From: Alan Jenkins <alan.christopher.jenkins@gmail.com>
To: Ingo Molnar <mingo@redhat.com>,
Peter Zijlstra <peterz@infradead.org>,
linux-kernel@vger.kernel.org
Cc: Doug Smythies <dsmythies@telus.net>, linux-pm@vger.kernel.org
Subject: Re: iowait v.s. idle accounting is "inconsistent" - iowait is too low
Date: Fri, 5 Jul 2019 12:25:46 +0100 [thread overview]
Message-ID: <e82b9d7c-81e5-dd80-b9c0-f5f065344e2f@gmail.com> (raw)
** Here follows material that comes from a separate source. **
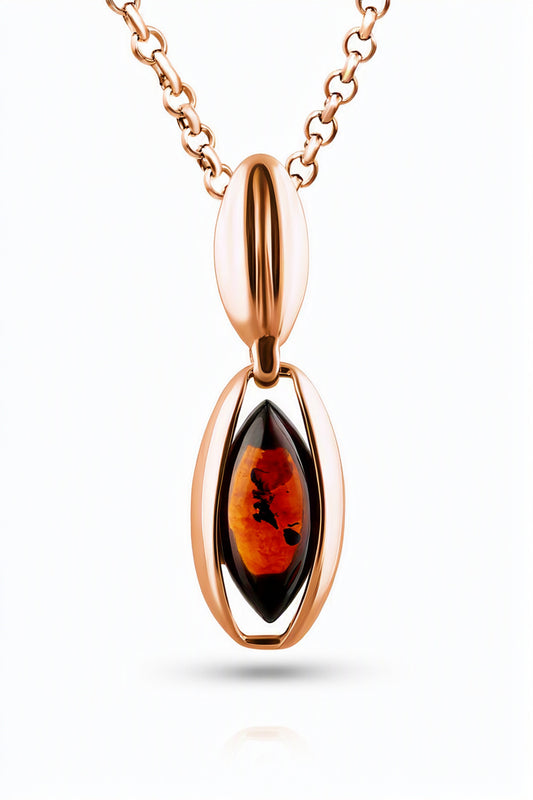 Marquise Cognac Amber Silver Pendant — DARVIN (Pre-Order)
In-Reply-To: <000001d531a8$8931b2a0$9b9517e0$@net>
Hi, scheduler experts!
My cpu "iowait" time appears to be reported incorrectly. Do you know
why this could happen?
Doug helped me - it was he who noticed different behaviour on v4.15 vs
v4.16 vs v4.17+. So I have some confirmation of this. I don't think
Doug mentioned what hardware he ran the kernels on. lscpu says my
hardware is "Intel(R) Core(TM) i5-5300U CPU @ 2.30GHz".
I tested using "dd" :-
dd if=bigfile bs=1M iflag=direct of=/dev/null
(1) E.g. I get the expected result if I pin "dd" to the "right" cpu.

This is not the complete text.